I am going to get fined some huge amount, get jail time and the judge will look poorly on my not attending these/getting the children to them, but I have no recourse. I need to stop, stop, stop thinking somewhere in all of this will be some sane, reasonable or fair expectations. I sound like Charlie Brown this week, and need to get rid of the grey clouds I know. Well, its Friday and one day closer to the full trial; closure of any kind will be rough, tough horrible; but if the kids are taken care of and I do not actually end up in some kind of jail, it can't get a whole lot worse. Is that halfway optimistic? :o) I will work on my attitude, promise. Hugs, Anna

We have the "Divorce Education Class" here in UT that is mandatory.
Hi Anna,
I'm in PA and was ordered to go through conflict resolution classes with X.It was $40 each session and we had to split the cost. Also I had them do an evaluation on our 2 children. I was going to pay for both of them but they told me I wasn't responsible for the full amount and would only let me pay half. I don't know if they ever made him pay or not but they said he was responsible for the other half. I do think you should contact the agency. Most of them have some plan set up to make it more affordable.After all supposedly they aren't looking to make things harder.
K :)
Edited 9/23/2005 7:49 pm ET ET by susieyippin
Thanks for taking the time to reply all. Yes, I have called all three organizations, and no there are not any scholarships or even payment plans available. I guess I can call the judges clerk next week and at least ask her also. One of the lawyers I spoke to as I have been trying to call around and find one who would at least help me with the full trial, and no, there isn't any who will so far, -- he told me that the classes are mandatory, that he has never heard of any lowered fees, and that judges in California routinely put these four requirements in (the fourth sometimes being that both parents go to a certain number of sessions with a licensed psychiatrist or psychologist - not someone who is a counselor with a masters degree) -- it is judges' way of making some sort of minimum initial call on whether the parents, or which ones are 'serious' about putting the kids first etc.
I am calling churches about food banks. I have called about getting county aid and we can get approximately $110 in food stamps per month, that is it, no other aid do we qualify for as I bring home too much money; I make $15.50 ph. (*believe me it is not a lot of money; though I am lucky to have found something more than minimum wage I am absolutely thankful for it, or was); I am beginning to wonder if I should quit my job in order to get help - how does that sound for ackbassward?
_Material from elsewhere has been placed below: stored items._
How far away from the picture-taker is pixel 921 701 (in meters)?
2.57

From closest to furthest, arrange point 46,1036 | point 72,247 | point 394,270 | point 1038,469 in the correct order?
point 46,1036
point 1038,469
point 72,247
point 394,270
I will keep asking and trying to find answers, but thus far in the process each time we have appeared in court, there is nothing that the judge has asked either of us for, for which when we explained an answer that he accepted. He has expressed what I feel like is disdain that a working class couple with 5 children cannot come to their own custody agreement - he thinks it is highly selfish that "we" are not putting the children first and working out a reasonable joint parenting plan. I offered a near 50-50 percent parenting plan to the ex;he doesn't want it, he wants sole legal, primary physical and me to get visitation at his house when he allows it...
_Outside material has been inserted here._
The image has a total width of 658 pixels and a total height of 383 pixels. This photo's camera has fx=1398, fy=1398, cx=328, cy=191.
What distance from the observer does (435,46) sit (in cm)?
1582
In some of the supporting paperwork I was given with the last temporary court order,it said that most couples coming before 'the bench' for custody issues are there because one or the other has abuse/addiction issues etc. Neither of us do. So shall I just quit, 'give' him the children because the system thinks they are there to make decisions for families who are incapable of making their own; rather than our situation where, one parent is just trying to 'take' the children because he can.
I do not believe for a minute he really wants the day to day life being the primary parent. He will have a combination of a nanny and his parents caring for our children. He just needs to "win", in the eyes of his family, friends...he is the noble single father of five whose wife had it good and just up and decided to leave an absolutely wonderful, Christian, conservative, had-everything-she-could-possibly-want marriage for no reason other than that she is selfish and didn't want to be a nice little submissive woman who knew who place in the scheme of life, and who was supposed to be raising those children to understand their gender roles in life too - the male is superior after all, and the female is a wonderful appendage, necessary and even enjoyable, as long as they are 'manageable'.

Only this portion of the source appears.